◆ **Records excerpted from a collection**
★ ★ ★ ★ ★ ★ ★

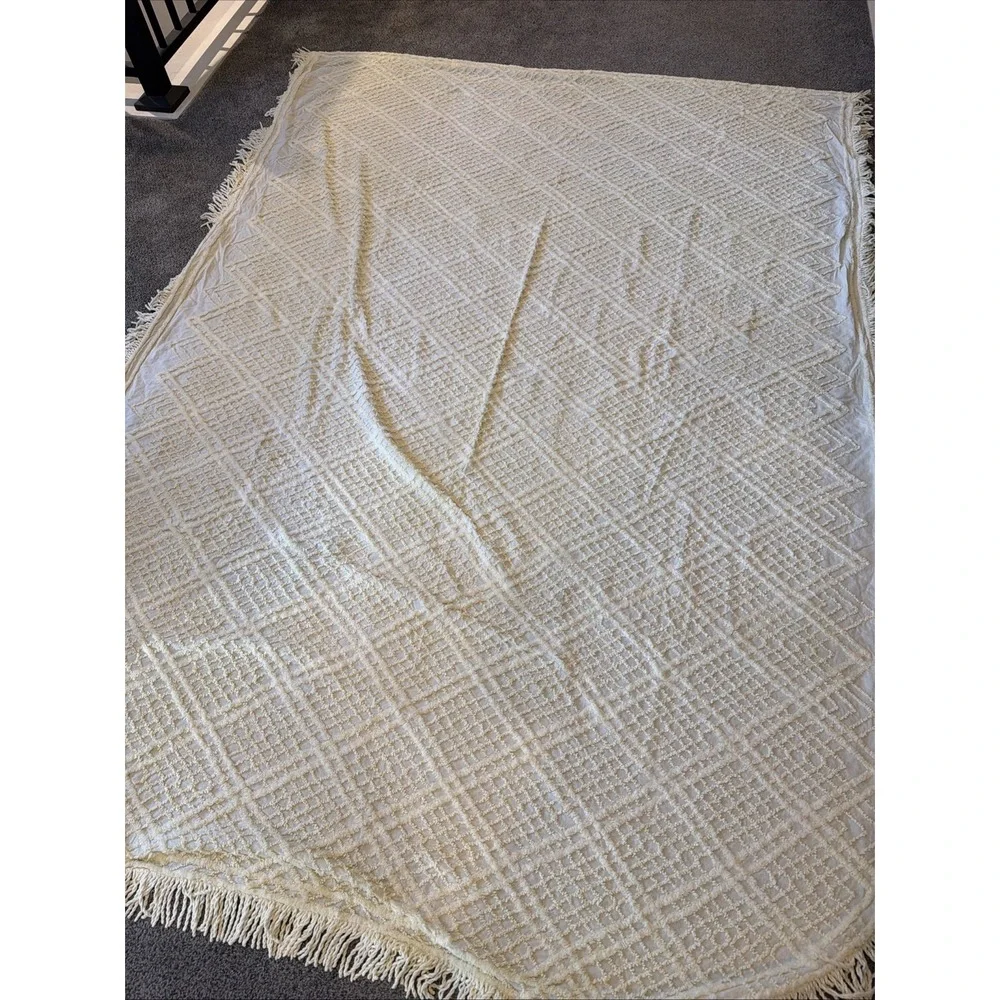 Vtg‎ Cabin Crafts Needletuft Original Chenille Twin Bedspread 80X108 Lt Yellow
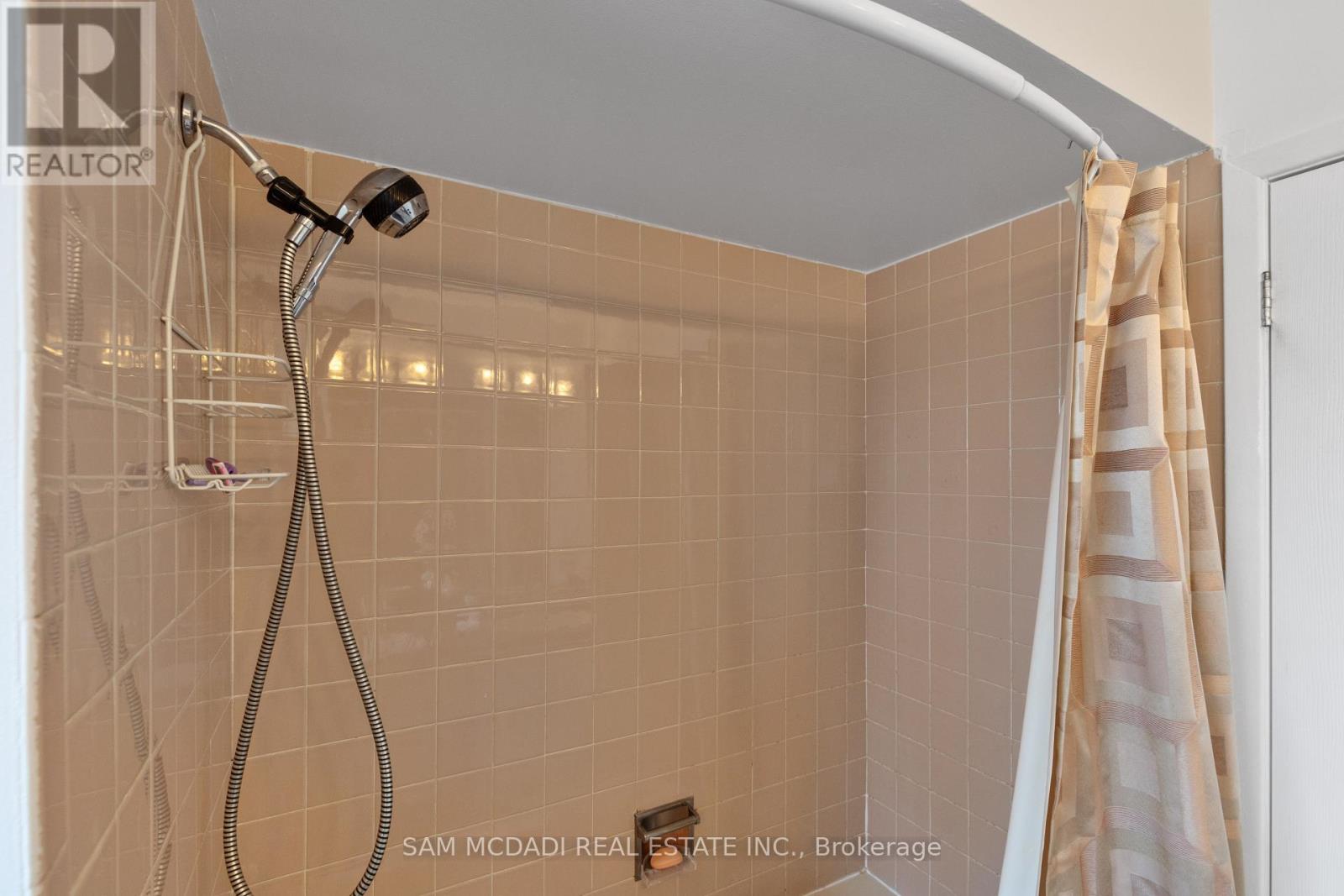 44 Madrid Crescent, Brampton, Ontario  L6S 2X4 - Photo 28 - W12524544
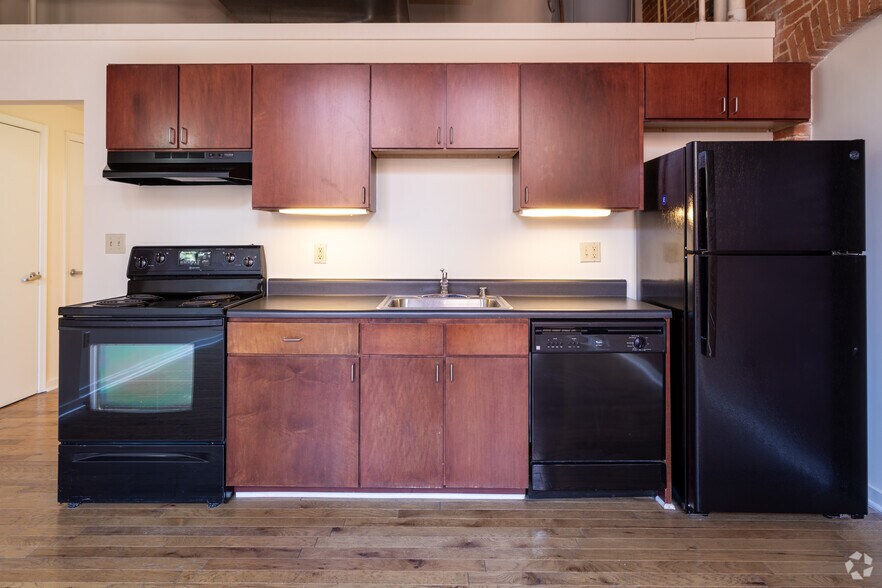 More Photos Of 1-49 N Howard St, Baltimore Unknown For Lease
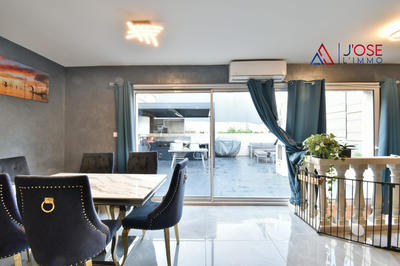 Maison - 125 m² - 5 pièces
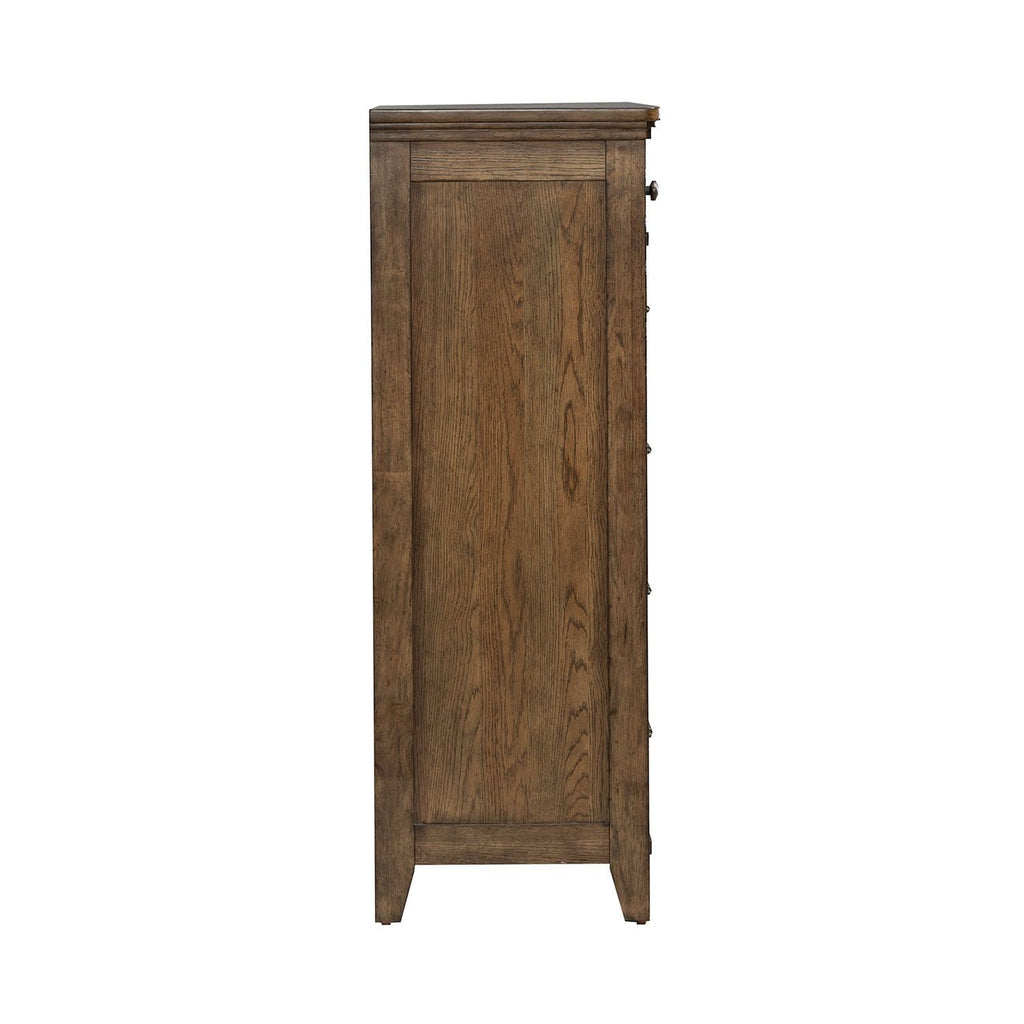 Commode 5 tiroirs - Brun ambré — finition ambrée chaude soulignée par de lourdes moulures en relief pour la dimension et la texture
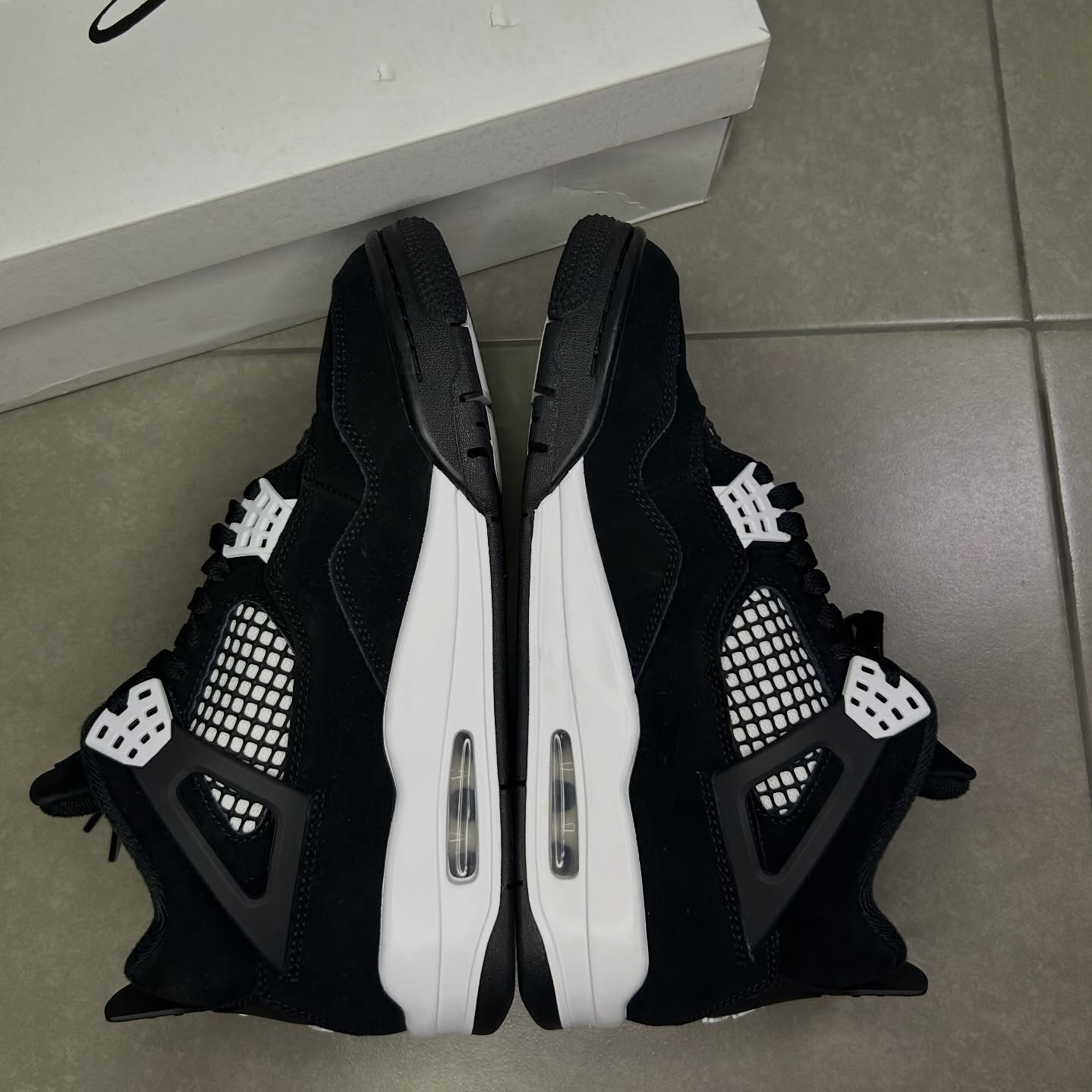    Pkgod  Air Jordan 4 Retro White Thunder FQ8138-001 review Terrence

★ ★ ★ ★ ★ ★ ★

◆ **Your assignment**
Your copy must start at the line that holds "Commode 5 tiroirs" and end at the last line of the data, both included; it must contain no pictures.

◆ **Solution to the exercise**
 Commode 5 tiroirs - Brun ambré — finition ambrée chaude soulignée par de lourdes moulures en relief pour la dimension et la texture
    Pkgod  Air Jordan 4 Retro White Thunder FQ8138-001 review Terrence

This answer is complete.